Converting MyISAM to InnoDB and a lesson on variance

I’m about to start working through converting a large MySQL installation to InnoDB. For the particular use case durability is desired, and with MyISAM a loss of power almost certainly guarantees data loss. Durability is not available as an option.

So the normal question people ask is.. okay, what do I pay for this feature?

I think if you are looking at the workload in question I actually believe InnoDB will perform better overall. Row-level locking, multiversion concurrency control, and the correct selection of hardware (fast-disks with a RAID controller + batter backed write cache) will really help it shine.

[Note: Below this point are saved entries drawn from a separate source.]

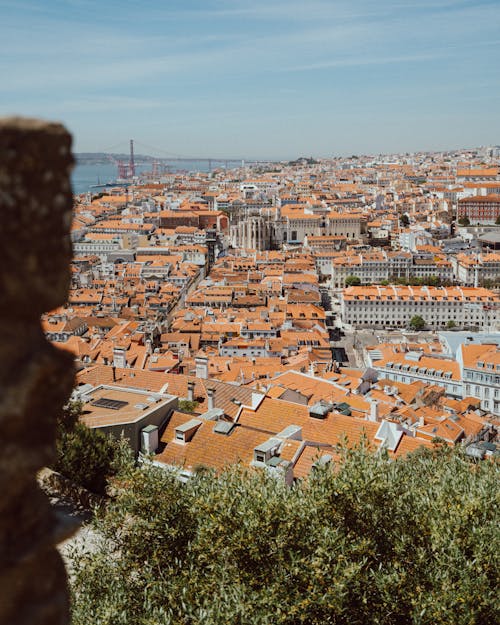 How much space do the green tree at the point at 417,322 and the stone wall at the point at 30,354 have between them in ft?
152

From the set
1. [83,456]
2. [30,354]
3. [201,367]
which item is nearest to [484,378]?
[201,367]

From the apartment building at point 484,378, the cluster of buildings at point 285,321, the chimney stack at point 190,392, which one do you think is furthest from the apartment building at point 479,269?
the chimney stack at point 190,392

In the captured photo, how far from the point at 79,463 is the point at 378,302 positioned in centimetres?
3993

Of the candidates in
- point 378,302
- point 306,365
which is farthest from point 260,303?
point 306,365

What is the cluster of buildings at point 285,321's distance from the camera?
1238 cm

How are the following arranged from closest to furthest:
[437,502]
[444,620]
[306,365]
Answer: [444,620] < [437,502] < [306,365]

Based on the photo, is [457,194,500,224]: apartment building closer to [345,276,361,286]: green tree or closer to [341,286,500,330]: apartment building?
[345,276,361,286]: green tree

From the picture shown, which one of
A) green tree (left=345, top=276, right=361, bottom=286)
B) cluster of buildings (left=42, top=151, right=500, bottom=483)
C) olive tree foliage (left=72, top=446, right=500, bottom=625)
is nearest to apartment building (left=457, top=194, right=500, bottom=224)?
cluster of buildings (left=42, top=151, right=500, bottom=483)

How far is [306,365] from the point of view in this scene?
87.9ft

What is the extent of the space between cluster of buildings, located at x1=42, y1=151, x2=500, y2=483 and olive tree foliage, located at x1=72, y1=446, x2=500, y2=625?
1.16 m

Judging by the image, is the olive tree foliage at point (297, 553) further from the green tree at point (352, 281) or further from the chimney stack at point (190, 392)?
the green tree at point (352, 281)

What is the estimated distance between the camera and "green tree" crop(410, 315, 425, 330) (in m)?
46.9

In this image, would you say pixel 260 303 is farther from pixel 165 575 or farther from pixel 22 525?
pixel 22 525

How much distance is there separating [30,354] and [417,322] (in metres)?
46.6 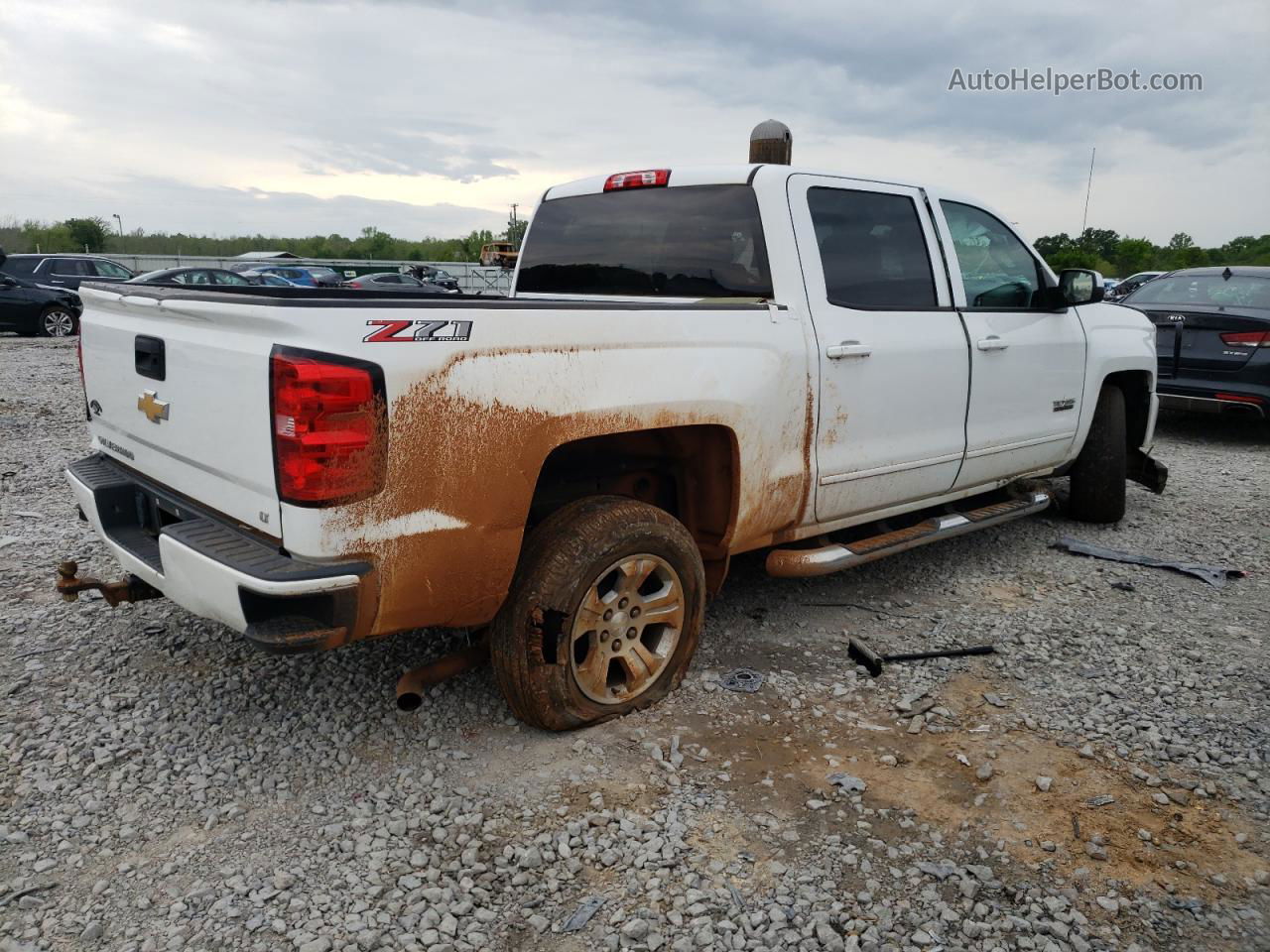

But my problem is that InnoDB could be better in 9 situations, and worse in 1. What matters more than anything else is performance regressions. That is…

“Our Customers Feel the Variance, Not the Mean” – a key concept in Six Sigma.

The way I like to explain this, is that if we were to go to a restaurant and order the same meal – or go to Toyota and order the same car, we should receive the same product. I can’t get the equivalent to a race car and you get a Trabant. Nor can we allow some queries that were already fast enough get faster, and other queries become intolerably slower.

So what I am actively trying to do is identify situations where MyISAM will be faster than InnoDB. And so far I have on my watch list:

  1. Table Scans – MyISAM data is far more compact, and typically table scans need to examine far less data.
  2. Index Scans – In InnoDB, indexes will contain multiple versions and typically be much larger.
  3. Inserts – MyISAM has a special optimization where it can just insert into the end of a table. I think even with the battery backed write cache this will be hard to beat.
  4. Single-threaded workloads – maybe there’s an hourly cron that in InnoDB will take significantly longer. InnoDB really performs better in concurrent workloads.

Facebook and Percona have previously written about the importance of variance reduction as well.

I should also note that durability is not the only reason to use InnoDB. Operational tasks like backups become much easier. But that’s the subject for a different post 🙂